Cloud Workstations are remote development machines hosted in Google cloud. Workstations provide a full-featured development experience and allow users to connect a remote machine to VSCode. Workstations provide a development experience similar to your laptop with some key differences.

Workstations…

  • run inside your VPC or cloud network so you can access internal sources
  • are ephemeral and shut down after a maximum runtime
  • run a linux OS and allow you to attach accelerators or change the machine type
  • provide preconfigured environments freeing users from having to worry about their local setup

More details:

Authentication

  • Users authenticate to a workstation via IAM using their LDAP. This means that running gcloud auth login, etc. is necessary to access google services from the workstation. Like on your laptop, this cached credential is valid for 12 hours and persists between workstation sessions.
  • Compared to VertexAI notebooks and CustomJobs, which are typically run as a service account, workstation sessions have more narrowly scoped access. By default, only the creator of a workstation has access to that workstation instance.

Configuration

  • Like your laptop, workstations will go to sleep/shutdown after a period of inactivity. Additionally, there is a maximum runtime before it is shut off. These values are set in the workstation definition (config), and we have started with some defaults. This activity is measured via SSH or HTTP traffic. Furthermore, anything in /home/ will persist between sessions.

IDE

  • There are two ways to use the IDE:
    • via the web browser, which does not requires an SSH connection, ensuring low latency
    • by attaching your IDE remote workstation via the remote SSH extension
  • Google has some examples of the open source VSCode and Jetbrains.

Setup

Install the workstation CLI using pip or (recommended) pipx

pipx install cloud-workstation

Usage

Determine the type of workstation you want to create

Using the command workstation list-configs you can see all configs that are available to you. New workstation configs can be added by an admin. If you have questions about which config to use or have a use case for a new config, please reach out ot #machine-learning-tools.

workstation list-configs
For example you might get a result like this:
├── Config: medium
│   ├── 💽 Image: us-central1-docker.pkg.dev/cloud-workstations-images/predefined/code-oss:latest
│   ├── 💻 Machine Type: n2-standard-16
│   ├── ⏳ Idle Timeout (hours): 2.0
│   └── ⏳ Max Runtime (hours): 12.0

Which indicates that you have the config medium available, and that this will give you a n2-standard-16 machine with a 2 hour idle timeout and a 12 hour max runtime.

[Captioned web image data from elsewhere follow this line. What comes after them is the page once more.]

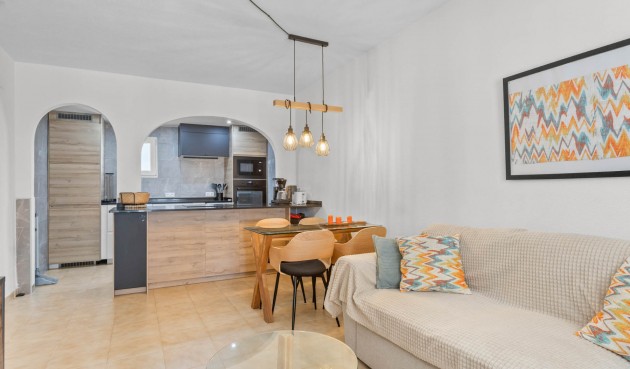 Resale - Bungalow -
Torrevieja - Costa Blanca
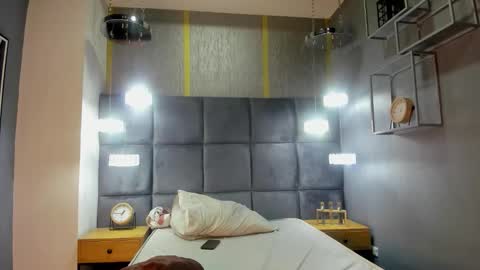 Snapshot of hunterheat_ chatting on 23, 11, 2025 hunterheat_ online show from 23, 11, 2025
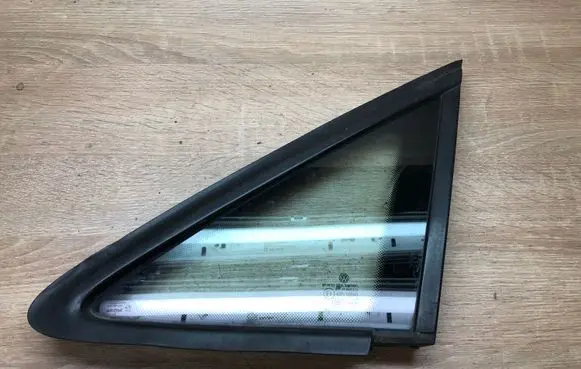 Volkswagen Touran I Front triangle window/glass 1T0845411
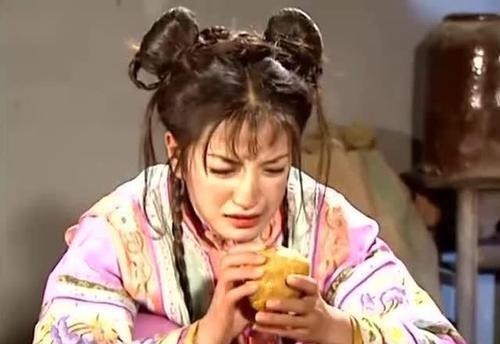 外人|中国古代根本没有玻璃，只有简单的窗户纸，如何防止被外人偷窥？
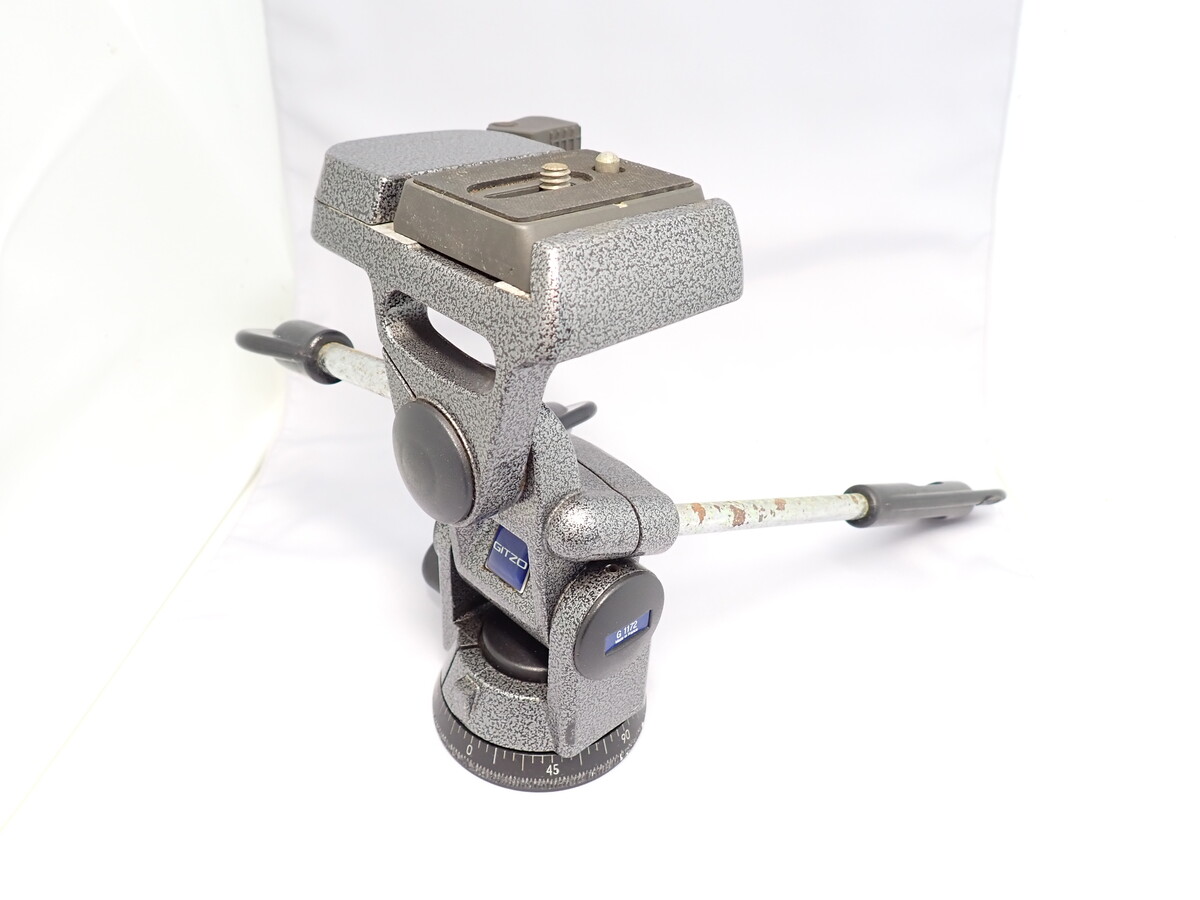Gitzo ジッツオ/三脚+雲台/アルミ3段+G1375M/Bランク/69【中古】 中古】三脚｜GITZO 雲台 在庫一覧｜カメラのキタムラ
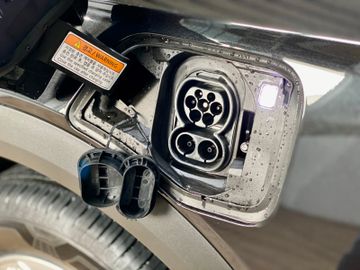 Fahrzeugabbildung Ssangyong e-Motion Platinum **WÄRMEPUMPE**Finanzierung**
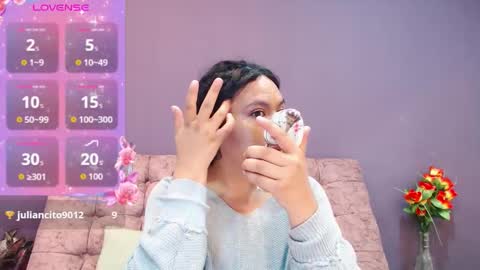 Snapshot of becky__huston chatting on 11/24/25, 04:12 Becky online show from 11/24/25, 04:12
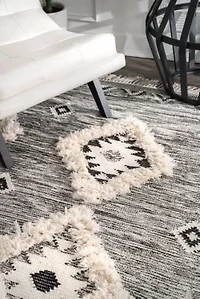 nuLoom Moroccan Textured Shaggy Wool Woven Area Rug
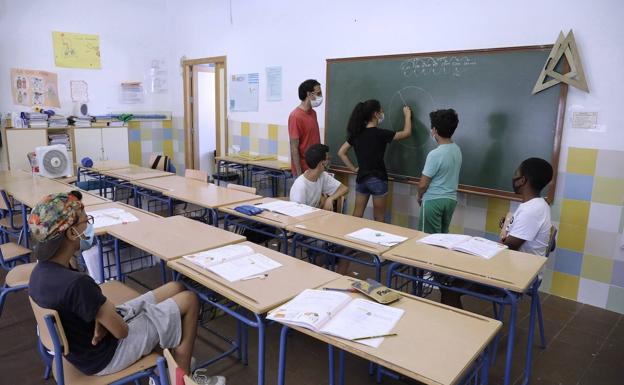 Imagen de archivo de un salón de clases 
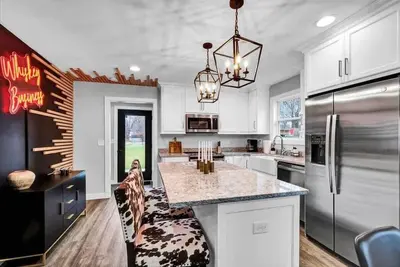 Image de Central Bardstown Home Near Distilleries & Dining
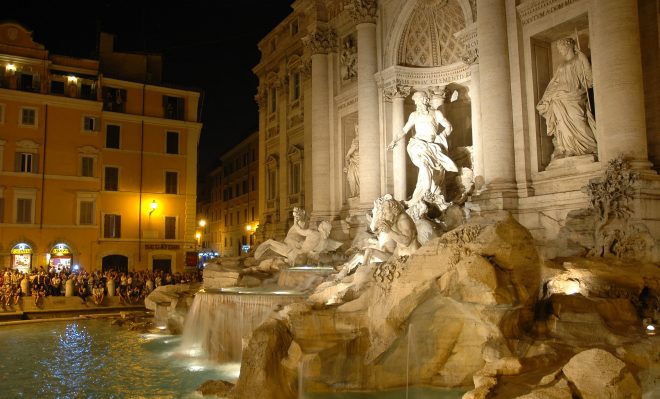 Fontana di Trevi iluminada por la noche
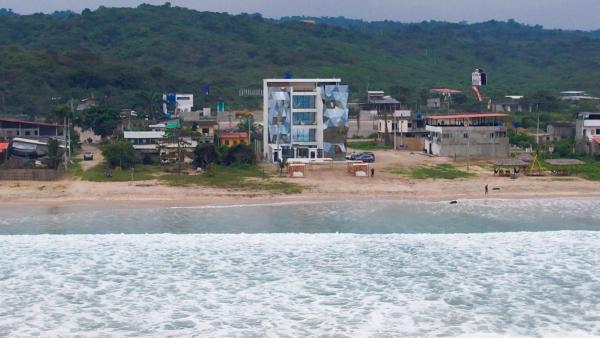 Diamond Beach Montañita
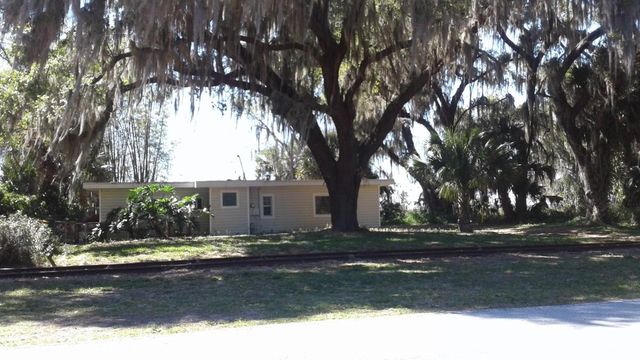 1120 Northshore Dr #2, Eustis, FL 32726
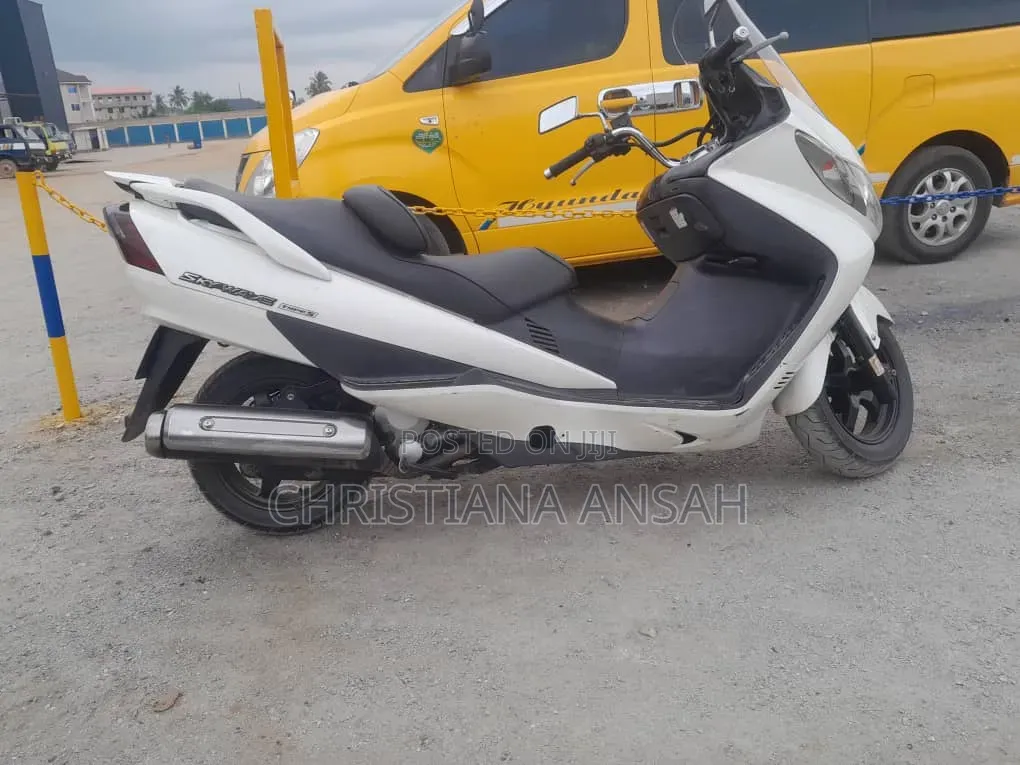 Suzuki Burgman 2024 White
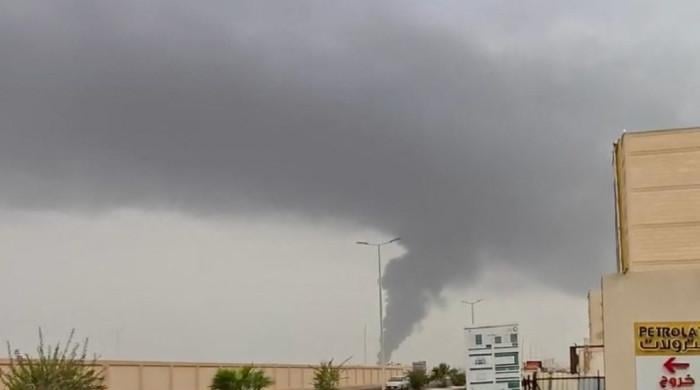 No US attacks on Iran for first time in two weeks but war spreads to Red Sea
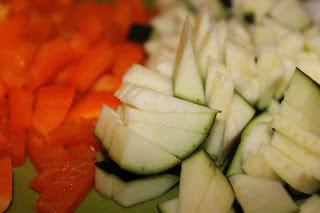 Rezept: Nudeln mit Gemüse in veganer Anti-Käse-Soße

Create your workstation and start it

 workstation create --config medium --name <WORKSTATION NAME>
❯ workstation start --name <WORKSTATION NAME>
If you make a VSCode based IDE image you can also use the --browser option will open VSCode directly in your browser. If you’d like to connect your remote machine to your Desktop VSCode app follow the setup directions for local VS Code and then start your workstation with the --code option.

 workstation start --name <WORKSTATION NAME> --code

You can also ssh directly to your remote machine. For example, running commands like ssh <WORKSTATION NAME> in a local terminal will open an SSH connection to your remote machine.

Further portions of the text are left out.